EXERCISE AIM: Restate the records in full and exactly, with no images included.

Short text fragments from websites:
*** Block opens ***

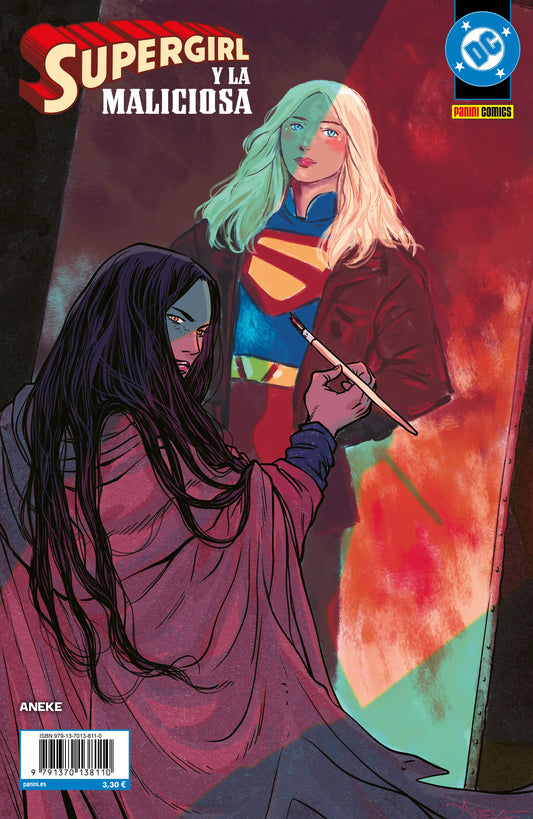 SUPERGIRL Y LA MALICIOSA - PANINI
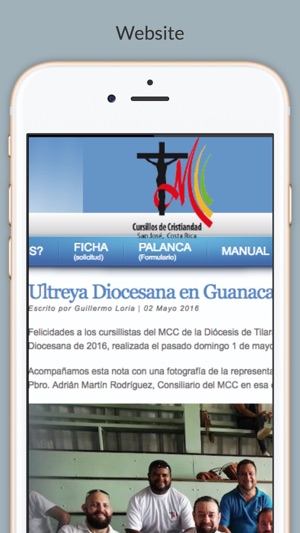 Cursillos de Cristiandad(圖3)-速報App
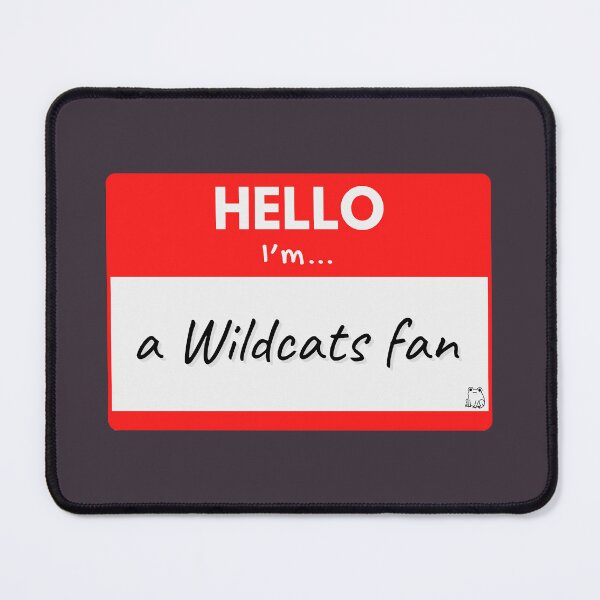 Item preview, Hello I’m a Wildcats Fan – Red designed and sold by buglevel.
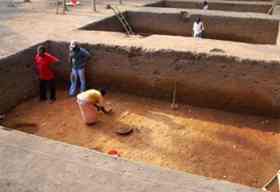 The excavations at Pattanam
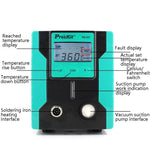 ProsKit SS-331H Dispositivo di aspirazione della latta di calore elettrico Dispositivo di dissaldatura della pompa di aspirazione completamente automatico, spina americana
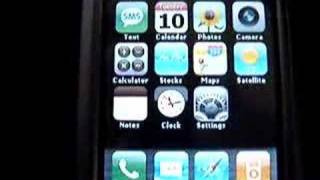 iPhone WM5 Skin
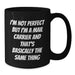 Funny Mail Carrier Gifts from Friends for Mail Carrier Graduation Unique Mug - Additional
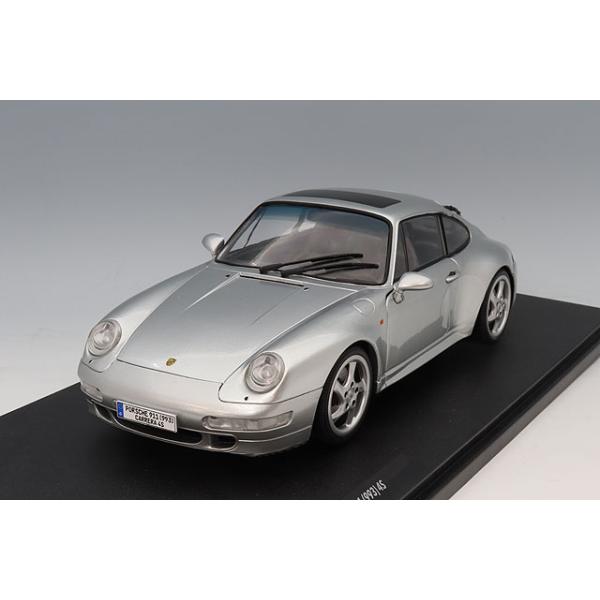 ソリド 1/18 ポルシェ 911 993 4S 1996 シルバー : キッドボックス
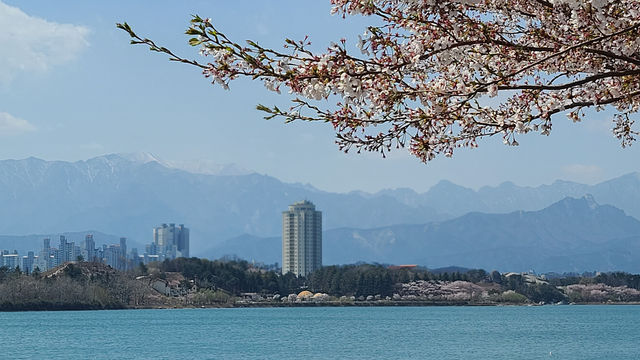 속초의 보석 영랑호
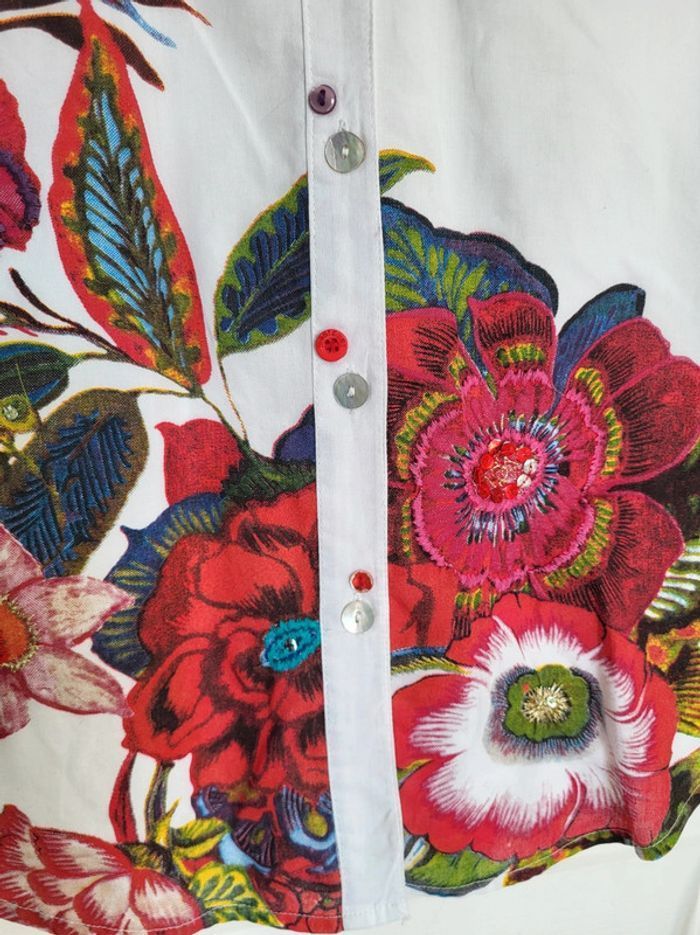 Chemise Desigual taille M - photo numéro 4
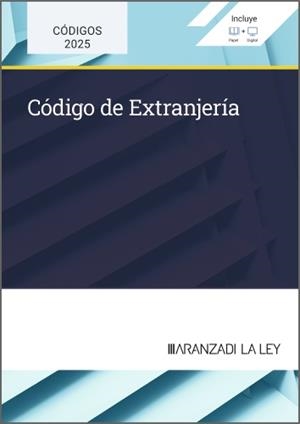 CODIGO DE EXTRANJERIA | 9788413096353 | ARANZADI LA LEY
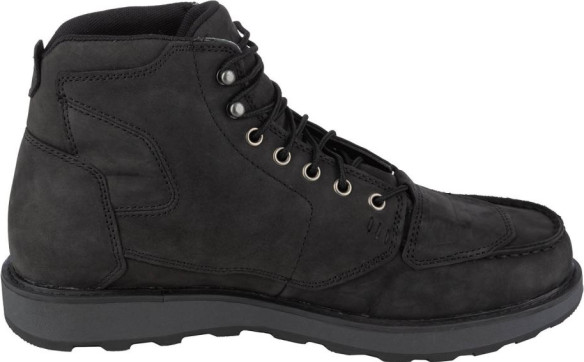 Ghete Moto Blak Jak GTX Gunmetal Black 25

*** Block closes ***

SOLUTION TO THIS EXERCISE:
 SUPERGIRL Y LA MALICIOSA - PANINI
 Cursillos de Cristiandad(圖3)-速報App
 Item preview, Hello I’m a Wildcats Fan – Red designed and sold by buglevel.
 The excavations at Pattanam
 ProsKit SS-331H Dispositivo di aspirazione della latta di calore elettrico Dispositivo di dissaldatura della pompa di aspirazione completamente automatico, spina americana
 iPhone WM5 Skin
 Funny Mail Carrier Gifts from Friends for Mail Carrier Graduation Unique Mug - Additional
 ソリド 1/18 ポルシェ 911 993 4S 1996 シルバー : キッドボックス
 속초의 보석 영랑호
 Chemise Desigual taille M - photo numéro 4
 CODIGO DE EXTRANJERIA | 9788413096353 | ARANZADI LA LEY
 Ghete Moto Blak Jak GTX Gunmetal Black 25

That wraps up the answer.